High syringly/guaiacyl (S/G) ratios are advantageous for chemical pulp production due to higher delignification rates, higher pulp yields and lower chemical consumption. Near infrared-based partial least-squares regression (PLS-R) models were developed to assess the S/G ratio of Eucalyptus globulus wood using analytical pyrolysis as the reference method. The PLS-R models obtained using the wavenumber range from 6100 cm~(-1) to 5450 cm~(-1) (1639-1835 nm) of the preprocessed spectra using first derivative (1stDer) and first derivative in combination with; vector normalisation (1stDerVN), multiplicative scatter correction (1stDerMSC) and straight-line-subtraction (1stDerSLS), and the second derivative (2ndDer), are well qualified for rapid screening the S/G ratio of Eucalyptus globulus wood.

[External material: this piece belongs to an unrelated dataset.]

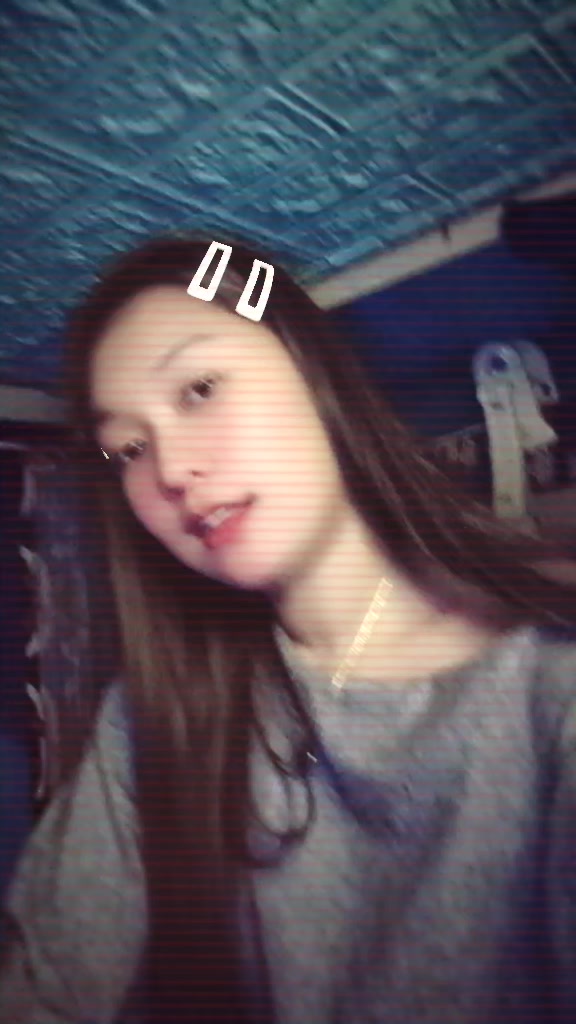 @Jesa Mae 💖💋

Overall, models using 1stDerVN and 1stDerMSC preprocess (78 samples) requiring only three PLS components have the best statistics with coefficient of determination (r~2)=0.97, root mean square error of cross-validation (RMSECV)=0.025 and residual prediction deviation (RPD)=5.7.

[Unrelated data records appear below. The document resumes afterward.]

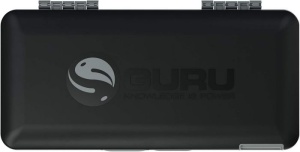 Penar Riguri Guru Stealth Rig Case 19.5x9x2.5cm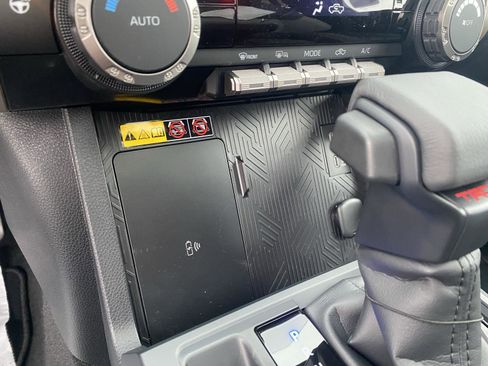 New 2026 Toyota Tacoma TRD Off-Road image 26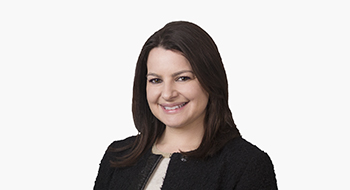 Alexandra C. Scheibe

机译:由于较高的脱木素率,较高的纸浆产率和较低的化学消耗量,所以高的注射器/愈创木脂(S / G)比率对于化学纸浆生产是有利的。基于分析热解作为参考方法,开发了基于近红外的偏最小二乘回归(PLS-R)模型,以评估桉木的S / G比。使用一阶导数(1stDer)和一阶导数结合的预处理光谱的波数范围为6100 cm〜(-1)至5450 cm〜(-1)(1639-1835 nm)获得的PLS-R模型;矢量归一化(1stDerVN),乘法散射校正(1stDerMSC)和直线减法(1stDerSLS)以及二阶导数(2ndDer)非常适合快速筛选桉木的S / G比。总体而言,使用仅需三个PLS组件的1stDerVN和1stDerMSC预处理模型(78个样本)具有最佳的统计量,其中确定系数(r〜2)= 0.97,交叉验证的均方根误差(RMSECV)= 0.025和残余预测偏差(RPD)= 5.7。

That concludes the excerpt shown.